Toread’s share price [SHE:300005] closed down 12.1 percent at CNY10.42 (USD1.51), although the stock has still gained about 50 percent in value this year.
Toread plans to pay CNY321 million (USD45.4 million) for a 51 percent stake in Betterlife Science and Technology, which makes fingerprint recognition and touch-control chips, and CNY357 million for 51 percent equity in Tongtu Semiconductor Technology, an image and video processing chip developer, the Beijing-based company said yesterday.
Shenzhen-based Betterlife, which was founded in 2011, posted net profit of CNY17.7 million (USD2.5 million) in the first eight months on revenue of CNY165.8 million (USD23.4 million), Toread said. While Shanghai-based Tongtu, set up in 2012, reported CNY18.9 million (USD2.6 million) in net profit and CNY104.6 million in revenue over the same period, it added.

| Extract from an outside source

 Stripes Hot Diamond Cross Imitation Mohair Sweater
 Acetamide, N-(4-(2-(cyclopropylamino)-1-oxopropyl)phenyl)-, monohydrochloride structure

Through these acquisitions, Toread will gain access to more than 80 mature, mass-produced products, over 230 intellectual property assets, and more than 70 research and development staff. This will complement and strengthen its existing chip business and significantly boost its overall competitiveness in the semiconductor sector, it said.

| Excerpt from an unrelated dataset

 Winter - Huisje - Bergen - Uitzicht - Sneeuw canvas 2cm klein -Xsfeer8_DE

Toread, one of China’s top outdoor sports brands, has been making a strong push into semiconductors as a second pillar of growth in recent years. In 2021, it paid CNY260 million (USD36.8 million) to buy Mini LED chip maker Beijing Xinneng Electronic Technology, and in 2023 it acquired South Korean touch-chip maker G2 Touch for USD38.5 million.

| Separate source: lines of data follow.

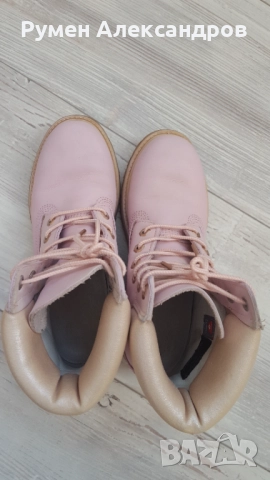 Дамски кожени розови боти Timberland размер 38, снимка 5 - Дамски боти - 52632716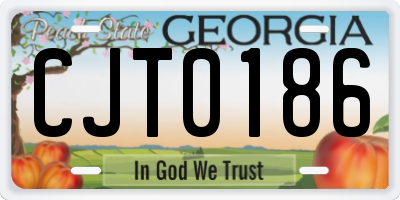 GA license plate CJT0186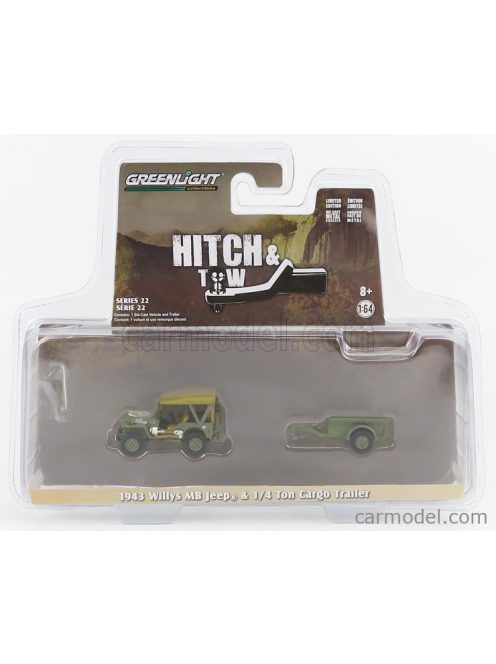 Greenlight - Jeep Willys Mb With 1/4 Ton Cargo Trailer 1943 Military Green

In the first half, Toread’s chip business logged a 7 percent jump in revenue from a year earlier to CNY114.6 million (USD 16.2 million), accounting for 18 percent of total revenue, according to the firm’s interim results.
But its core outdoor goods business has struggled amid shifting market conditions this year. This dragged down net profit by 68 percent in the first three quarters year on year to CNY33 million (USD4.7 million), while total revenue plunged 14 percent to CNY953 million (USD134.8 million), according to the company's latest earnings report.